Bitcoin has nobody forcing you into using it and nobody controls the price. Bitcoins are just bits on a ledger that maybe someone will buy from you tomorrow, maybe.

Even in the niche roles where bitcoin is superior to bank accounts, credit cards, and cash, there is nothing beyond momentum keeping people from switching to another type of cyptocurrency. That's why it's monopoly money.

2 comments

I wouldn't discount network effects. I think a lot of people are going to build more and more services on top of the bitcoin blockchain rather than creating their own blockchain, just because it's convenient in terms of adoption and development and so on. And once those services are there, it's going to be hard to migrate them off. And that will eventually create some sustainable value to the coins.

As to what that value will be, I have no fucking idea. I don't imagine that it will be a major currency. But it'll always have some use cases, imo.

I mean your argument is essentially like saying: TCP/IP is just a protocol and anybody can switch to a different protocol any time. Well, sure. But they haven't. And they won't unless it breaks completely.

Switching from bitcoin to litecoin seems trivial. I don't think the networking effects are that strong for bitcoin, especially since the current number of big users is pretty small. It seems like 99% of businesses who actually accept it are just using a payment processor, which could migrate to a new system overnight.

You can point to TCP/IP, but we've seen other protocols come and go. Back in the late 90/early 2000s's AOL messenger was dominate. Now nobody uses it. And that had very strong network effects, it was a messenger system.

> there is nothing beyond momentum keeping people from switching to another type of cyptocurrency. That's why it's monopoly money.

That statement demonstrates you don't understand cyptocurrency at all. You're absolutely wrong, the difference between them is security, and that's something people value.

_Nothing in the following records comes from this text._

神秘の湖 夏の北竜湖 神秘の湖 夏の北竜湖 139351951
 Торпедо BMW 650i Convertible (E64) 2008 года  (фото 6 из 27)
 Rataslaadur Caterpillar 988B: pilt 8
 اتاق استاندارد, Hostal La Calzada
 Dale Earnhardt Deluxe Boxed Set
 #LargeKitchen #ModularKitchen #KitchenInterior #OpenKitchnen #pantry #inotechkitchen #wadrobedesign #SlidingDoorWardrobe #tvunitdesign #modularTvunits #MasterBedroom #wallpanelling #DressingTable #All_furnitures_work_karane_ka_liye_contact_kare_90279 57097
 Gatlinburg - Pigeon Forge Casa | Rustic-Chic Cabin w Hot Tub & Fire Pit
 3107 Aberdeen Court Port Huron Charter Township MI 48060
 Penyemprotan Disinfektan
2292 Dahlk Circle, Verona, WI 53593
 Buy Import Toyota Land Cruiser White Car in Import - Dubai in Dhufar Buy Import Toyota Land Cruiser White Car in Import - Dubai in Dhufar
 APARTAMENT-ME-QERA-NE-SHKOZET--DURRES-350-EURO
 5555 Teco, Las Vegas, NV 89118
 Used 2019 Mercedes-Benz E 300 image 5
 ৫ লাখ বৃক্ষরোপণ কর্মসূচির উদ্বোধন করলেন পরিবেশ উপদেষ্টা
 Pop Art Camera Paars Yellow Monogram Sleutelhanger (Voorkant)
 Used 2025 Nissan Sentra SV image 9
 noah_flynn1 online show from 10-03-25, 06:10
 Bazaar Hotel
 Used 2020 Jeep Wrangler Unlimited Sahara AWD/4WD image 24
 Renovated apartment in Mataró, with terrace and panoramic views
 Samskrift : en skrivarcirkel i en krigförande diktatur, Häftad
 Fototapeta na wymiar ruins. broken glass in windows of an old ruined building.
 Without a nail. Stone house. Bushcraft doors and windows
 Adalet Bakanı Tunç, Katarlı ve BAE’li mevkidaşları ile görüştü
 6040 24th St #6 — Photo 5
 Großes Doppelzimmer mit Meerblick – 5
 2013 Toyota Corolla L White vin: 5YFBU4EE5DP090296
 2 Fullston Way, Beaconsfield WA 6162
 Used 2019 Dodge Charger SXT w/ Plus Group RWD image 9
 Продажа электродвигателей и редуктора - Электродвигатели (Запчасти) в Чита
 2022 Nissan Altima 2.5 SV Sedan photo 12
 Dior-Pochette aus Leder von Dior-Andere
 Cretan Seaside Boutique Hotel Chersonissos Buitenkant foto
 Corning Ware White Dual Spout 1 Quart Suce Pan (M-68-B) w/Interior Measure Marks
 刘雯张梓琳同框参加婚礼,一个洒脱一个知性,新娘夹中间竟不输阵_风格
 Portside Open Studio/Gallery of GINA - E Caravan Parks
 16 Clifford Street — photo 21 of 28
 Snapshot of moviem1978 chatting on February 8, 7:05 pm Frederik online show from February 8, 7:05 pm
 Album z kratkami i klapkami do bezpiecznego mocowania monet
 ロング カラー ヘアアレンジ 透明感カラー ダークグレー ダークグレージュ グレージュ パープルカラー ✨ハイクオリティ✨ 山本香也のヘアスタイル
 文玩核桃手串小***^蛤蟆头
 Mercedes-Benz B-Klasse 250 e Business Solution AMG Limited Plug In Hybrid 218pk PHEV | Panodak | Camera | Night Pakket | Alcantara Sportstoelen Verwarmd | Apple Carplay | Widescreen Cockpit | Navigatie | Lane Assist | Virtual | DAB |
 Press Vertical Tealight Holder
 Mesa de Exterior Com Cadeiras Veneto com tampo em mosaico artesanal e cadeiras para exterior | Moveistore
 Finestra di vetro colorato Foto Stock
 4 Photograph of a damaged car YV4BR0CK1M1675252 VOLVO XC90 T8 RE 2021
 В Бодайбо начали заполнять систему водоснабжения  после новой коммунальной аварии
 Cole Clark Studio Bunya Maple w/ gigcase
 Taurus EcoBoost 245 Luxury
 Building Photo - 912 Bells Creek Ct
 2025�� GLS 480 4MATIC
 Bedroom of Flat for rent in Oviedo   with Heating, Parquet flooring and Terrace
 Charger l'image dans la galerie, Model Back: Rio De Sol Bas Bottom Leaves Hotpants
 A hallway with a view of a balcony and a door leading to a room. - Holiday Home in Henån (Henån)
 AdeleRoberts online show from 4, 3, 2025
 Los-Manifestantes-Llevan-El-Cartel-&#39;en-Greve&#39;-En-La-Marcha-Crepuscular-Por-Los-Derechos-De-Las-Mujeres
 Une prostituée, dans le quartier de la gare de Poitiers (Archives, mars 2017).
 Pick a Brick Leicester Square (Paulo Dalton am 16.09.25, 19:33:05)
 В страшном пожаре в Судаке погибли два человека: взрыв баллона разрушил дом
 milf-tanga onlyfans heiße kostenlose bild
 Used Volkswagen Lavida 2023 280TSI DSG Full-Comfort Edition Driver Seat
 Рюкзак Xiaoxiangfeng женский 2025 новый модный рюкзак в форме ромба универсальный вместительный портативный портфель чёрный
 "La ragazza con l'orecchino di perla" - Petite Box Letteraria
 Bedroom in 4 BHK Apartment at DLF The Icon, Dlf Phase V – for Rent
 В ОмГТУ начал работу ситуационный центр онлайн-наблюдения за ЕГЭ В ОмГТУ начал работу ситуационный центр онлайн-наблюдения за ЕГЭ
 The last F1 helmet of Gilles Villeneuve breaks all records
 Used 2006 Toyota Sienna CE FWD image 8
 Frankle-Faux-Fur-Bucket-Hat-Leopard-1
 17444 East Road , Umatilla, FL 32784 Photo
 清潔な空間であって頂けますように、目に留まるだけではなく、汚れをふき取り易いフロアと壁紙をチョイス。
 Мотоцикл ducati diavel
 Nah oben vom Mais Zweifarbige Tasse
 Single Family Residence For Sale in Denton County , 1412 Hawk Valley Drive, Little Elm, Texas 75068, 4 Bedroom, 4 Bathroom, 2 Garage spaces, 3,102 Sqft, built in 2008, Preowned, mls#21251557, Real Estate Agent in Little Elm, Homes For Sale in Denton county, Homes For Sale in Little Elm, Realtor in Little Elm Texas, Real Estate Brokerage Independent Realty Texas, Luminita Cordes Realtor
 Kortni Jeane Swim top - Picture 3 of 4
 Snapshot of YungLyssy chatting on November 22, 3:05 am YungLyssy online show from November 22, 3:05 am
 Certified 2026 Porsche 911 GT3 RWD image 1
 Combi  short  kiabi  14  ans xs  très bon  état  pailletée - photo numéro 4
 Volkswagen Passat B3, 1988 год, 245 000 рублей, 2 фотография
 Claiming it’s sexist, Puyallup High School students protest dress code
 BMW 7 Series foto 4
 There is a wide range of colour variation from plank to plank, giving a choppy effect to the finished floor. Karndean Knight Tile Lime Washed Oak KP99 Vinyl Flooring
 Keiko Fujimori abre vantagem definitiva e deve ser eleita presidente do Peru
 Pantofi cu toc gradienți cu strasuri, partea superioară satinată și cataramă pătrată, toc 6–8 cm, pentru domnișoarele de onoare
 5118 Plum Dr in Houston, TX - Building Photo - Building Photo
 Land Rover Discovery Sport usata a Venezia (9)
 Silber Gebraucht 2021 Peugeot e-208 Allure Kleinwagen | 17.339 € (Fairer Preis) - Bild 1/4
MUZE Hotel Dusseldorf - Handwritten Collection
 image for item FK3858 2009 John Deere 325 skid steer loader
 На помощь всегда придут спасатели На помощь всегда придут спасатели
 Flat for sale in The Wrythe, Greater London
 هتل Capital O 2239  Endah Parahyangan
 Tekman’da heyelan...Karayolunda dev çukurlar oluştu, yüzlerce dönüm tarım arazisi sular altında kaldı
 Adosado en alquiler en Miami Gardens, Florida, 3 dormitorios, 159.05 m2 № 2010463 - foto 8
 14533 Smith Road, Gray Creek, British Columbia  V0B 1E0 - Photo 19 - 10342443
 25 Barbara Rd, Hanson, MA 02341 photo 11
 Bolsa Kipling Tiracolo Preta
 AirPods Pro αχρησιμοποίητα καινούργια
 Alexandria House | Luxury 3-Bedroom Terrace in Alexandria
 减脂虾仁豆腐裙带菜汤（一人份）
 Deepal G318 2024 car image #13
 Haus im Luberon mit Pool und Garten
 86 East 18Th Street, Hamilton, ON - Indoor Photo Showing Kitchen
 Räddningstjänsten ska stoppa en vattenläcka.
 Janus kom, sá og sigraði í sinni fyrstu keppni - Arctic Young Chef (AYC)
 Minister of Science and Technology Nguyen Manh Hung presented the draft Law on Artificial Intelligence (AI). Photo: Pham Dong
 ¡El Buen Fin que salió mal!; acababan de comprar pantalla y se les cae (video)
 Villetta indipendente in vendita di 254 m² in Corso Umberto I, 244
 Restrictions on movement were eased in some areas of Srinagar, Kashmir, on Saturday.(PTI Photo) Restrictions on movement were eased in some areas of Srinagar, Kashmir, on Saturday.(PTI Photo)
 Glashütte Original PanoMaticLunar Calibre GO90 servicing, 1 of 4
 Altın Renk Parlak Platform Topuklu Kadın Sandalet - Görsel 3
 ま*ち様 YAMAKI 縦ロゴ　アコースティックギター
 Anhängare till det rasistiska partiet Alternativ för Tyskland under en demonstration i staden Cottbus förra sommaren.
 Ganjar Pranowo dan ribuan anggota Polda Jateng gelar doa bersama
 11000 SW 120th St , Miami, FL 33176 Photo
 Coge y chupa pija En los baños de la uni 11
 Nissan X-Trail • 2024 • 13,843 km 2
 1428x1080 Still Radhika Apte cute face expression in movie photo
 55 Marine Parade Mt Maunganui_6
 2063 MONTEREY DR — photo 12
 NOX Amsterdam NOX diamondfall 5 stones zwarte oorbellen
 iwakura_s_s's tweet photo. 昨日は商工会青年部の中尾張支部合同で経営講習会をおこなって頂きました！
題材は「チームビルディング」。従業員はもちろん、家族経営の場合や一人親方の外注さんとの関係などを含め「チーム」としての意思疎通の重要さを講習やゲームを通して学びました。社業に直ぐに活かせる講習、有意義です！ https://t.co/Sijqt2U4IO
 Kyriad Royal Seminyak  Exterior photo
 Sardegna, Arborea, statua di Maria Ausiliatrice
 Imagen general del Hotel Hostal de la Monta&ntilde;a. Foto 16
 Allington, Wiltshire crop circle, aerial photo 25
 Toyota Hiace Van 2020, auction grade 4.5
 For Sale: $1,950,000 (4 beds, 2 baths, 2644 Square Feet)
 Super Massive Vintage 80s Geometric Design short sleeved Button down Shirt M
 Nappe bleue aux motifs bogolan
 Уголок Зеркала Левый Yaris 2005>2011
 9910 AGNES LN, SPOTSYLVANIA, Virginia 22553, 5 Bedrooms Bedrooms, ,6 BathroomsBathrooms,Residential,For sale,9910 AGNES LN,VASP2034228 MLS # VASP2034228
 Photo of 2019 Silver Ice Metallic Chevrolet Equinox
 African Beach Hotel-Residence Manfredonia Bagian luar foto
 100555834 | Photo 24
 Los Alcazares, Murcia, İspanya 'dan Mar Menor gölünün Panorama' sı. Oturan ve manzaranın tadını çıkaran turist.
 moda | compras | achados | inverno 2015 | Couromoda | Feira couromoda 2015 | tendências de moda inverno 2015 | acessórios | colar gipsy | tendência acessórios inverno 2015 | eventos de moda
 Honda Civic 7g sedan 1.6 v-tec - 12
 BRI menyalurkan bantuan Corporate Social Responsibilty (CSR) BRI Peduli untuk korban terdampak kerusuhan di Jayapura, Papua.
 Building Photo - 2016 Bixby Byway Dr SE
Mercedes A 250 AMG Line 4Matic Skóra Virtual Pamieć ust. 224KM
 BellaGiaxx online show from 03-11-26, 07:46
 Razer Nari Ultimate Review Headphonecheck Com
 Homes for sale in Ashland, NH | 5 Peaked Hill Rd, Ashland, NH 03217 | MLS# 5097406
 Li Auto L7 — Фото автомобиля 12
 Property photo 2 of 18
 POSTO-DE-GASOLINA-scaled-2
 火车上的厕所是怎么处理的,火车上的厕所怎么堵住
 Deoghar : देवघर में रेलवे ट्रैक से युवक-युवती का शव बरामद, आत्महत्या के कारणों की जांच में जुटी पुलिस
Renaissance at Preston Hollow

And no, you can't trivially just substitute another crypto in place of bitcoin, other cryptos have neither the liquidity nor the security (which comes from the size of the network) to effectively move around the amount of money bitcoin can move around.

> I don't think the networking effects are that strong for bitcoin

Which means flatly you don't understand how cryptos work; no one who does would make that statement.